Living in the UK has transformed how I’ve seen Gilbert and Sullivan’s work. From fusty and dusty it’s gone all topsy-turvy, thanks to the graceful restoration work performed under Sasha Regan’s fine eye at the Union Theater and now the rambunctious re-engagement of Charles Court Opera. As a mainstay of US Am Dram groups, it was turgid and nap-inducing: with all-male casts (like Regan’s Pirates of Penzance) and clever restagings a la much of Shakespeare’s canon (in the case of Charles Court – the goffick Patience was an excellent example), we have been allowed to re-engage with the work from a narrative and a musical standpoint. The bones of Gilbert and Sullivan, like the oak supports of an old house, are amazing: strip off the wallpaper and the adversion to discussion anything sexual and suddenly you have singable, witty musicals populated by eminently memorable characters all being very funny.

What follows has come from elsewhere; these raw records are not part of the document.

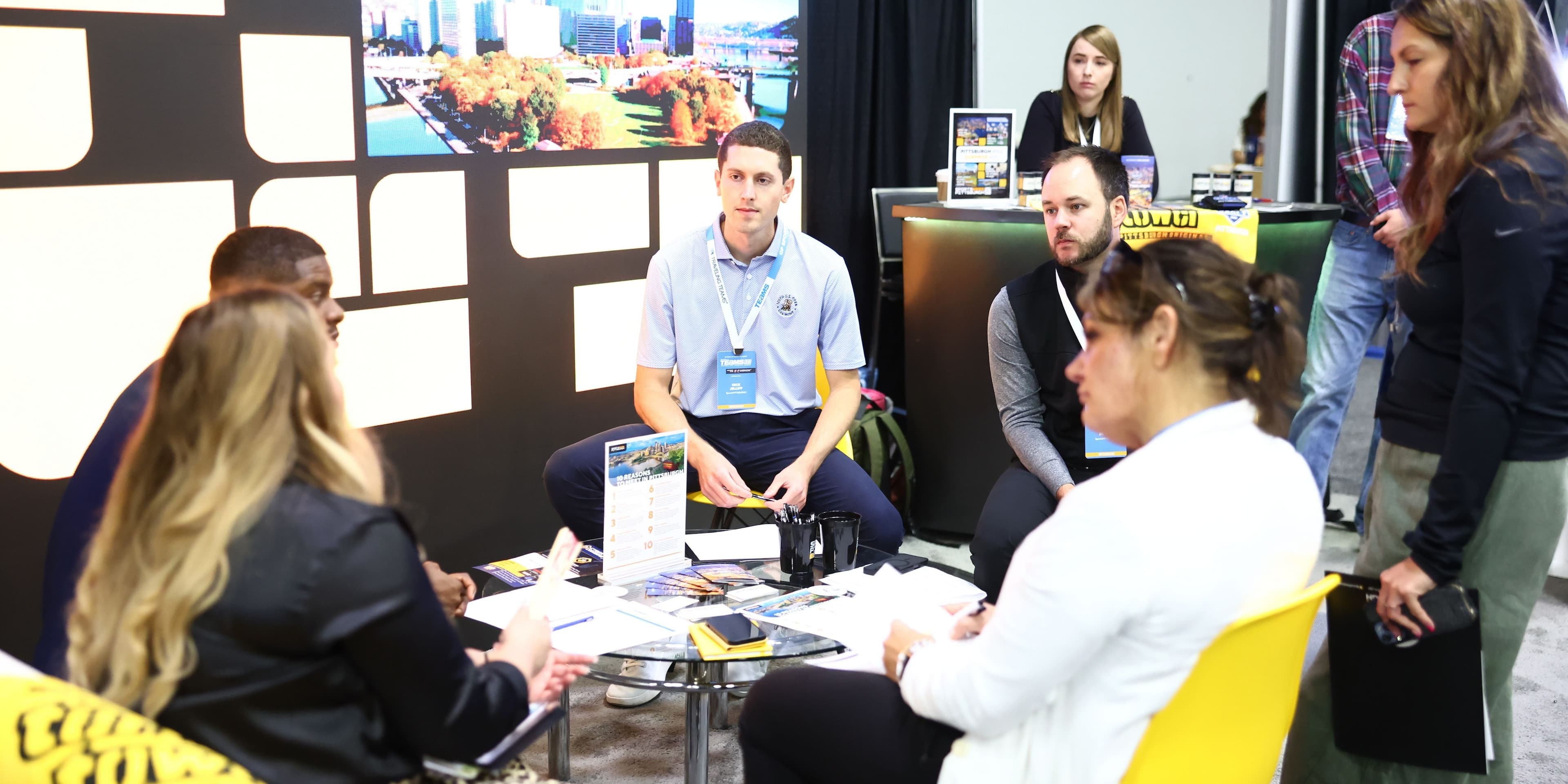 TEAMS 2025 participants meeting at an exhibitor table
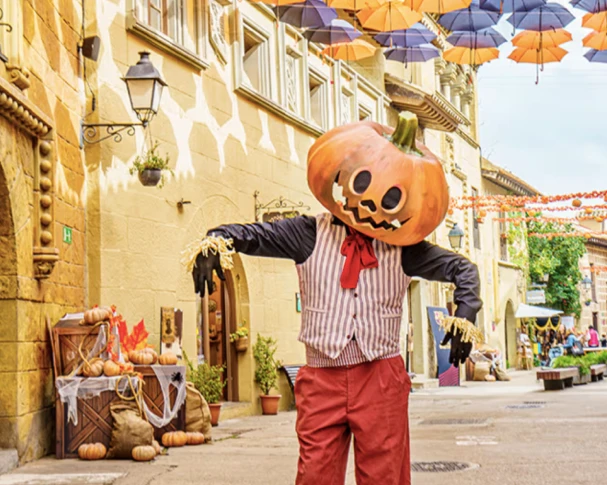 Performer in a pumpkin head and scarecrow costume poses on a decorated street beneath hanging umbrellas.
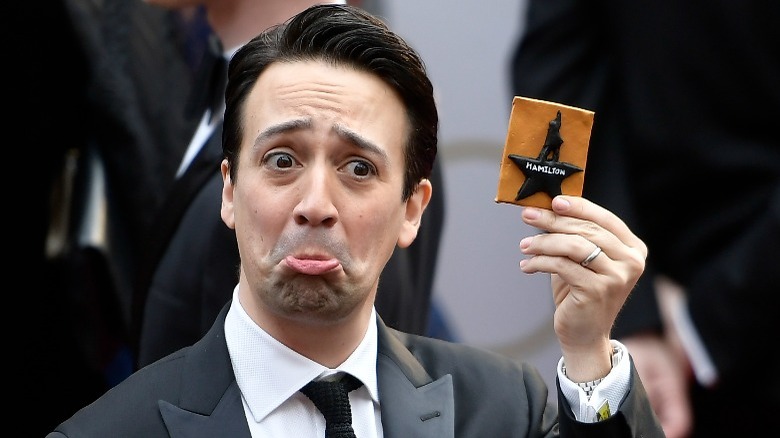 Lin-Manuel Miranda pouts, holding up a Hamilton logo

Yet bubbling beneath the surface like a sulfuric spring in the Med is the possibility that even G&S may have had a few clunkers. Look, for example, at Princess Ida. I asked a friend about this production, and his response was that it was Gilbert “punching down,” as offensive as Taming of the Shrew but “with less excuse.” I was shocked: this is the biggest Gilbert and Sullivan fan that I know! But I was also a bit put off when I saw that it hadn’t been performed professionally in London “for over 20 years” (per the website). And then I discovered that it was written in iambic verse. Oh man! Obviously it didn’t get produced for two decades because it’s a total dog! Arrgh! But I had already booked tickets for Saturday’s show and I decided to just tough it out.

As it turns out, both the warnings I’d received and the fears I’d conceived were unfounded. Yes, this play pokes fun at women’s education, making the point that members of the “gentle sex” are generally incapable of intellectual rigor due to their sensibilities; but there was no doubt in my mind that the men of this piece were also presented as fairly brainless and driven by their hormones. So my worries about it being mean and intolerable were allayed; in fact, one of the highlights of the evening was a song called “Must” (in the original by Lady Blanche, but I believe sung by Lady Meg – Victoria Quigley – in this production). It ends in a call for women to get the vote, and I found it very touching – but, as it turns, this creation, both in verse and sentiment, is almost entirely the work of Phil Wilmott, who looked back on this musical moment through the lens of history and decided to expand it. There was also a rather revised ending that proposes a much happier future for some than the hopelessly heterocentric original could have ever conceived; it was obviously not G&S but it was funny and I think it felt fresh and appropriate.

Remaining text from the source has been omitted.